(Data records)
- - -
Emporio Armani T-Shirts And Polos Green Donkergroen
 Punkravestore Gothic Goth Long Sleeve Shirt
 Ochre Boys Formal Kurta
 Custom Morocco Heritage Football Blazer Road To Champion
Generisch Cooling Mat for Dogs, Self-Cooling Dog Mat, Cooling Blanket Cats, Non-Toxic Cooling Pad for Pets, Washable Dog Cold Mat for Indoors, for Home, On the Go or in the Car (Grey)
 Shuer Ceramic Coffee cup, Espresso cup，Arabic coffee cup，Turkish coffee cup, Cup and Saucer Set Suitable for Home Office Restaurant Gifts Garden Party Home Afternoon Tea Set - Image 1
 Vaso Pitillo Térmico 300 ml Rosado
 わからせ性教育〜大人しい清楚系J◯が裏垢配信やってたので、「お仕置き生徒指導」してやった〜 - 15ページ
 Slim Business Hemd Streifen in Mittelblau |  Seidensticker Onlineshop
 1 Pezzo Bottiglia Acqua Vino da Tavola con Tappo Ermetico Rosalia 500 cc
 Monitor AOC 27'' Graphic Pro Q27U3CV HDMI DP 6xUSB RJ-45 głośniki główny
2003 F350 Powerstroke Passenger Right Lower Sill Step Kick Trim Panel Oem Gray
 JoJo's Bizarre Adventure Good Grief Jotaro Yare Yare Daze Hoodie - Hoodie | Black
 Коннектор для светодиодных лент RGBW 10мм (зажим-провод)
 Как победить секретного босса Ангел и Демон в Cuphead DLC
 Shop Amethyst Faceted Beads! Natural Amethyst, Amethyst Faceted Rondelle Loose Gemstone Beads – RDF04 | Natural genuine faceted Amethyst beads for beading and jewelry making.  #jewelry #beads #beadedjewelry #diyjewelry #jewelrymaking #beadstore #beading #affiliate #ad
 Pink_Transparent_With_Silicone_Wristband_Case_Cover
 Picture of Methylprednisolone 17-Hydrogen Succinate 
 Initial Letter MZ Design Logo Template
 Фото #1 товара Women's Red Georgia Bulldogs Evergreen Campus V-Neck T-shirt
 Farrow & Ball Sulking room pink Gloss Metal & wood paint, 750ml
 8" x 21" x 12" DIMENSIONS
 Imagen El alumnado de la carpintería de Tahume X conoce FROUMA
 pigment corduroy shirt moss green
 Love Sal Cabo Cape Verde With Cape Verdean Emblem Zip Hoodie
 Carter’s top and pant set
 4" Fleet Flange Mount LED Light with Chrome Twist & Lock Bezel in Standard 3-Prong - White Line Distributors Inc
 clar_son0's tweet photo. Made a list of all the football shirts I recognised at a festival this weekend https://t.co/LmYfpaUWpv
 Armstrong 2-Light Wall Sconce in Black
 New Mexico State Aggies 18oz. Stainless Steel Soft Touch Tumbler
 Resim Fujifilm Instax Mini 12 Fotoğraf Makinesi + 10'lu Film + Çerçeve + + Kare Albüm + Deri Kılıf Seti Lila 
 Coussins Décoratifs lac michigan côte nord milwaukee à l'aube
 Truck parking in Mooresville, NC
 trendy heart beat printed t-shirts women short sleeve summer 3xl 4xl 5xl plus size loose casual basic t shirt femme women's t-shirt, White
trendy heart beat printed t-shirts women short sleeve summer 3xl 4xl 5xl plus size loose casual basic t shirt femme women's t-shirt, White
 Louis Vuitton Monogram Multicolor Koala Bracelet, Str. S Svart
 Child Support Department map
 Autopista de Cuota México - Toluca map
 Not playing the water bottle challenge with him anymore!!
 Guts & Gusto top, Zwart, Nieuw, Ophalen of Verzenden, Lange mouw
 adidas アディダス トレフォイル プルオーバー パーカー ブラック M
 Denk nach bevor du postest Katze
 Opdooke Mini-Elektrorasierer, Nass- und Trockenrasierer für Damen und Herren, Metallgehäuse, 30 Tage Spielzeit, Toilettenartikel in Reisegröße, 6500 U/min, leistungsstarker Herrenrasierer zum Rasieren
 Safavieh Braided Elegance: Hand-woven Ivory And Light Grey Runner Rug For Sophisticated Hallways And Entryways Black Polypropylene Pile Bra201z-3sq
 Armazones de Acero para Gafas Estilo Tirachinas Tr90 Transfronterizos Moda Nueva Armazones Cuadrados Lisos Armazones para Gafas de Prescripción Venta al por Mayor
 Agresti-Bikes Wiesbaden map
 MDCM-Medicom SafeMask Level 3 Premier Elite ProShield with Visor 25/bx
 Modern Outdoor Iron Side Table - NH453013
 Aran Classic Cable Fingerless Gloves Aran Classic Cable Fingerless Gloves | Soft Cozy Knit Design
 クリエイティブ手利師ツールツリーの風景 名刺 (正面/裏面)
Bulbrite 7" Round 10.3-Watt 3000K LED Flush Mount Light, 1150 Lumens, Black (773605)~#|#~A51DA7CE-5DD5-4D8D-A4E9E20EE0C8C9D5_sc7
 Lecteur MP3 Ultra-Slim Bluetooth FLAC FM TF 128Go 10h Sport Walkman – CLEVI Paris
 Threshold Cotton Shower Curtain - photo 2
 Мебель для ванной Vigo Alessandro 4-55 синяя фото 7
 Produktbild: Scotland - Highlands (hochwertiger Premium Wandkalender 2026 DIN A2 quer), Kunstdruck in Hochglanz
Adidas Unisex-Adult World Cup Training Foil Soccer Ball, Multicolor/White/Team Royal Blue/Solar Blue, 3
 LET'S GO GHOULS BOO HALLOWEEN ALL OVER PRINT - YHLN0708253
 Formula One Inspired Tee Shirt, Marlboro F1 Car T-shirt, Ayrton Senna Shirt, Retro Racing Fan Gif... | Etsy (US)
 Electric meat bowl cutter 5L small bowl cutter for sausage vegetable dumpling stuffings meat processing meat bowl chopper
- - -
Print the line containing "Adidas Unisex-Adult World", then every line after it through the last line of the records, each exactly as written; nothing else belongs in the answer.

Adidas Unisex-Adult World Cup Training Foil Soccer Ball, Multicolor/White/Team Royal Blue/Solar Blue, 3
 LET'S GO GHOULS BOO HALLOWEEN ALL OVER PRINT - YHLN0708253
 Formula One Inspired Tee Shirt, Marlboro F1 Car T-shirt, Ayrton Senna Shirt, Retro Racing Fan Gif... | Etsy (US)
 Electric meat bowl cutter 5L small bowl cutter for sausage vegetable dumpling stuffings meat processing meat bowl chopper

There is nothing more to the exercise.